We can now put the gif together, using ggmap and ggplot2. We use gganimate to make the plot animated.

# make bbox
bbox <- ggmap::make_bbox(lon, lat, data = lat_lon_single, f = 1.3)

# download map
map <- get_map(location = bbox, source = 'google', maptype = 'terrain')

single_ride <- ggmap(map, darken = 0.15) +
  geom_path(aes(x = lon, y = lat,  col = grad, group = 1), data = interp, size = 2, alpha = 1) +
  scale_color_distiller('Gradient (%)', palette = 'Spectral') +
  labs(title = '') +
  coord_cartesian() +
  ggforce::theme_no_axes(theme_bw(base_size = 16)) +
  transition_reveal(dist)

# animate plot
gganimate::anim_save('where_to_save.gif', single_ride, width = 1000, height = 700)

The output of this code can be seen below.

Create a gif of ALL the rides

We can also make a gif of multiple activities. I will filter my activities to only be bike rides over 15km.

# get a bbox for Cornwall
bbox <- ggmap::make_bbox(lat_lon_single$lon, lat_lon_single$lat, f = 1.2)

# add column for frame and total distance per ride
lat_lon <- group_by(lat_lon, activity_no) %>%
  mutate(n = 1:n(),
         tot_dist = max(distance)) %>%
  ungroup()

# filter lat_lon for when points are within this
lat_lon <- filter(lat_lon, between(start_longitude, bbox[1], bbox[3]) & between(start_latitude, bbox[2], bbox[4]) & type == 'Ride' & tot_dist > 15)

# add column for frame
lat_lon <- group_by(lat_lon, activity_no) %>%
  mutate(n = 1:n()) %>%
  ungroup()

# make bbox again
bbox <- ggmap::make_bbox(lon, lat, data = lat_lon, f = 0.1)

# download map
map <- get_map(location = bbox, source = 'google', maptype = 'terrain')
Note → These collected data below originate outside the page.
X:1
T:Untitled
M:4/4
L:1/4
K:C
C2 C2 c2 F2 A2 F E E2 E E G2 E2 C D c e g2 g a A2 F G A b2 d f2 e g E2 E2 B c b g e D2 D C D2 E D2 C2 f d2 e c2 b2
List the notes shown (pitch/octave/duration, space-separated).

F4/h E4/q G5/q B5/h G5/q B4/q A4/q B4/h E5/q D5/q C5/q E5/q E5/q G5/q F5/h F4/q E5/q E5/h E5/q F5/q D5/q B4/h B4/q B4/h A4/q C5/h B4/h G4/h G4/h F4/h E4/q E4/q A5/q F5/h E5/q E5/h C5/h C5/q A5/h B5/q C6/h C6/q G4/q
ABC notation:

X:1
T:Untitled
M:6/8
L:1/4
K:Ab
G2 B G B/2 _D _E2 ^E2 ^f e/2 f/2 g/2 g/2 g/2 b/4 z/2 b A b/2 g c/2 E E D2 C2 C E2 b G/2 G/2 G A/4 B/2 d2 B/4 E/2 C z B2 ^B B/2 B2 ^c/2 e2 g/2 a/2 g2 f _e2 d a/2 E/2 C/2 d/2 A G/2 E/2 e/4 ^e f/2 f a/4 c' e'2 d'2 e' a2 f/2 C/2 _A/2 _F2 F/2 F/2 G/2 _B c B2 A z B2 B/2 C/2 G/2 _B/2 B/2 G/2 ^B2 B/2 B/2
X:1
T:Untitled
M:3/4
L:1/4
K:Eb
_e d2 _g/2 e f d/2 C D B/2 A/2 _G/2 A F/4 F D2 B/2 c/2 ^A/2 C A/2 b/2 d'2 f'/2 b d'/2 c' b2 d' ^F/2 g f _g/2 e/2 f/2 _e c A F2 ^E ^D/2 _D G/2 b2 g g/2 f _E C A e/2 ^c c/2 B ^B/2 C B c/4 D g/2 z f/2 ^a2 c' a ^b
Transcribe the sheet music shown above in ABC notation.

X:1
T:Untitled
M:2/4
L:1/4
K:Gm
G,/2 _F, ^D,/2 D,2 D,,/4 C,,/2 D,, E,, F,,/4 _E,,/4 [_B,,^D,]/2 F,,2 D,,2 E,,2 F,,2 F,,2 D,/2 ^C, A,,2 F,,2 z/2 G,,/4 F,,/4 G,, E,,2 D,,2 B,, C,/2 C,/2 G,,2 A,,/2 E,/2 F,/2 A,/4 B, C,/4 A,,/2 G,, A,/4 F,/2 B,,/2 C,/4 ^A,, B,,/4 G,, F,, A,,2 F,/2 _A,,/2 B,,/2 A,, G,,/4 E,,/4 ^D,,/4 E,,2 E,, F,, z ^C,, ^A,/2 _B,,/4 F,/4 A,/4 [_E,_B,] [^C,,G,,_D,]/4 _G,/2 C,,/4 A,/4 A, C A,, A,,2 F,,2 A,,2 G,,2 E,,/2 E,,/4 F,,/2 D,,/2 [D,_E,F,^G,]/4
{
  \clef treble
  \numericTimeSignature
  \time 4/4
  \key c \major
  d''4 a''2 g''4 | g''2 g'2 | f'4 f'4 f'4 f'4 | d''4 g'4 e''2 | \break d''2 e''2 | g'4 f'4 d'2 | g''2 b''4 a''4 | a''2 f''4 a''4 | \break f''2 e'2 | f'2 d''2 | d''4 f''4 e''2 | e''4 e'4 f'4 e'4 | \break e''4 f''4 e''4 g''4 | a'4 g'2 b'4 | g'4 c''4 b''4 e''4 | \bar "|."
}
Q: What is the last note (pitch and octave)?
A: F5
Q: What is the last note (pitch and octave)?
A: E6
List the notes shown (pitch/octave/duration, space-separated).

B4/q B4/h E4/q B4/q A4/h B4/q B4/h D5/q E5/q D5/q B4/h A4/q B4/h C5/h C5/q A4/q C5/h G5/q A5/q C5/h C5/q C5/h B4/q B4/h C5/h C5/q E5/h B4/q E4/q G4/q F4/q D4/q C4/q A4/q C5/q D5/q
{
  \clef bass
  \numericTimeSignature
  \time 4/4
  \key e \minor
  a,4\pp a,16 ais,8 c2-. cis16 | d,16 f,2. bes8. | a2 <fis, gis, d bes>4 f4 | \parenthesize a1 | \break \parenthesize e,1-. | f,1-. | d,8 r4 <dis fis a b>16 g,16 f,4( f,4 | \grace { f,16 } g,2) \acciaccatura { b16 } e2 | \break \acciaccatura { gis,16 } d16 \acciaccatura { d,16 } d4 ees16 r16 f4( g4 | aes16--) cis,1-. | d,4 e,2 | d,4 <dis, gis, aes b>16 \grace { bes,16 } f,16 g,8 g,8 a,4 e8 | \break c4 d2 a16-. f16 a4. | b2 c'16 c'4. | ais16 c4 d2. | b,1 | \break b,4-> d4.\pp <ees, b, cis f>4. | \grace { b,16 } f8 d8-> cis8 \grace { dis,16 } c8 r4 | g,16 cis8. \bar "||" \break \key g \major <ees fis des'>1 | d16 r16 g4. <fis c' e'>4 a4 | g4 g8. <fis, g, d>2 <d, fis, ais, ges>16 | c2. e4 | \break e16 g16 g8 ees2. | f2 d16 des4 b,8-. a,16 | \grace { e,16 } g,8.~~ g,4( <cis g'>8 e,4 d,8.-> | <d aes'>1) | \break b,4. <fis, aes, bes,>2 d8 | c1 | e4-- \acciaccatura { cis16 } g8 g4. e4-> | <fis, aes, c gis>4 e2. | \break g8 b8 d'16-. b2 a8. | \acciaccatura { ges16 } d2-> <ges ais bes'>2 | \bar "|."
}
all_the_rides <- ggmap(map, darken = 0.15) +
  geom_path(aes(x = lon, y = lat, group = activity_no), col = 'red', data = lat_lon, size = 1.25, alpha = 0.5) +
  labs(title = 'All the rides') +
  coord_cartesian() +
  ggforce::theme_no_axes(theme_bw(base_size = 16)) +
  theme(legend.position = 'none') +
  transition_reveal(n)

# animate plot
gganimate::anim_save('where_to_save.gif', all_the_rides, width = 750, height = 700)

And there we have it. A relatively simple way to animate your strava activities in R. I personally find that saving the output as .mp4 rather than .gif gives smaller and higher quality files when uploading them to Instagram, but these options are easy to change. Take back your own data and get plotting!

There are loads of other functions and uses for the rStrava package. I hope to blog more about them soon.